The research, one of AARP’s largest studies on consumer fraud, uncovered specific environmental and emotional factors common to fraud victims.
The findings are showcased in an AARP National Fraud Frontiers report called "A Moment’s Notice: Recognizing the Stressful Life Events, Emotions and Actions That Make Us Susceptible to Scams." The report estimates that 229 million adults in the U.S., or 9 in 10 adults, experienced an attempted fraud in the prior year. Within that group, 33 million adults, or nearly 1 in 7, lost money.
The survey asked respondents if during the past 12 months they had been exposed to any of 26 scams including the most common (and annoying) ones. Seventy percent of respondents had been exposed to a scam purporting their car warranty was about to expire; 47 percent had been exposed to a tech-support scam about a fake glitch; and almost 43 percent had been warned or threatened about a phony problem with their Social Security number or account. Despite an unrelenting barrage of fraud attempts, less than 3 percent of adults in those three instances took the bait and lost money.
Victims and resistors
Respondents who had a brush with those and 23 other scams were put into separate groups: 1,085 victims who reported losing money to scammers and 2,195 non-victims who didn’t lose a dime.

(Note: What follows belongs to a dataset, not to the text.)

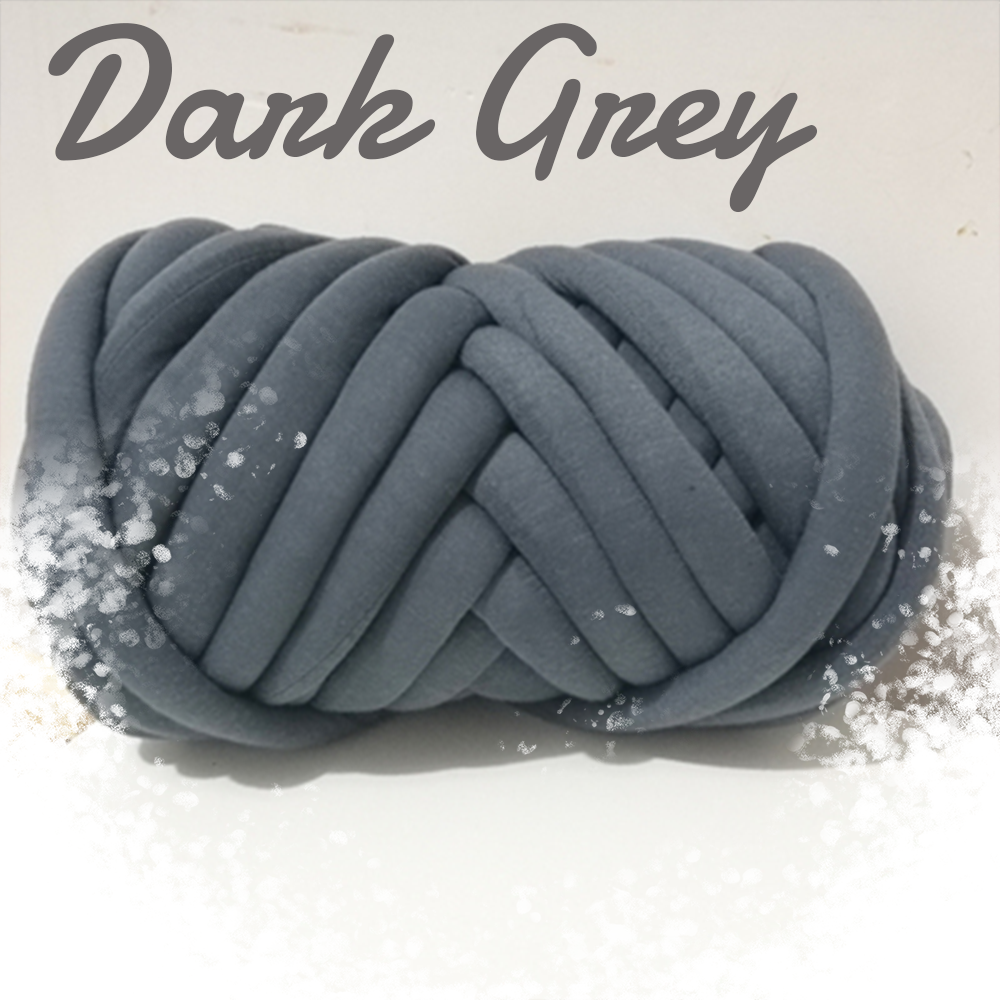 PlushLoops - DIY chunky hand knitted tube yarn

While anyone can be victimized, the report says, four factors were common among the fraud victims. Compared to non-victims, victims had experienced more than twice as many stressful events, such as a death in the family, a job loss or loneliness, when the fraudster invaded their lives.
“The theory underlying this correlation is that coping with a stressful life event consumes valuable cognitive capacity that otherwise might be employed to spot and resist fraud,” the report states. (Scientists define cognitive capacity as the amount of information the brain can retain at any one time.)